Who says you can’t enjoy a fancy dessert while lounging in your pajamas? Today we want to bring you a dessert that will level-up your baking skills while also yielding a delicious result. Today we’re making chocolate souffle with a recipe by Martha Stewart.
To make this decadent Chocolate Souffle dish you’ll need:
- Unsalted butter, room temperature
- Butter for baking dish
- 1/4 cup sugar
- Sugar for baking dish
- 8 ounces semisweet chocolate, finely chopped, or 1 cup semisweet chocolate chips
- 1 teaspoon pure vanilla extract
- 3 large egg yolks, lightly beaten
- 4 large egg whites
- 1/4 teaspoon cream of tartar
Ready to bake?
- Preheat your oven to 350 degrees.
- Lightly butter a 1 1/2-quart tall-sided baking dish. Then, coat the dish with sugar, tapping off excess. Set dish on a rimmed baking sheet.
- Take a large heatproof bowl and set it over a pot of simmering water. In the bowl combine the chocolate, vanilla, and 1/4 cup water. Stir until chocolate is melted and the mixture is smooth.
- Remove from heat and let cool to room temperature for about 20 minutes.
- Stir egg yolks into cooled chocolate mixture until combined. This is your souffle base.
- In a large bowl, using an electric mixer, beat egg whites and cream of tartar on medium-high until soft peaks form.
- Gradually add sugar and beat until stiff, glossy peaks form, but do not overbeat.
- In two parts, fold egg-white mixture into souffle base.
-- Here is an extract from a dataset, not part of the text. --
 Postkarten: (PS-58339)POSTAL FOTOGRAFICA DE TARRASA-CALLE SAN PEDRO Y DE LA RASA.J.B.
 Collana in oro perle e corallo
- With a rubber spatula, gently cut down through the center and lift up some base from the bottom of the bowl. Turn the bowl and lift up base until just combined.
- Transfer the mixture to dish, but do not get batter on the top edge of the dish. Make sure to smooth the top.
- Bake souffle until puffed and set, 30 to 35 minutes. (Do not open the oven during the first 25 minutes of baking.)
- Serve immediately.
Pro tip: Right before you serve your chocolate souffle, lightly dust the top with powdered sugar if you have some in your kitchen.
If this is your first time making a souffle, we want to give you some advice from those who have made it before.
- Some bakers suggest using butter instead of water during the chocolate melting process or even sugar to avoid seizing of the chocolate.
- If you think the souffle will be too sweet (depending on the type of chocolate you use,) you can cut down on the amount of sugar.
- Serve with vanilla ice cream!
We hope you enjoy this chocolate souffle recipe! Bon appétit!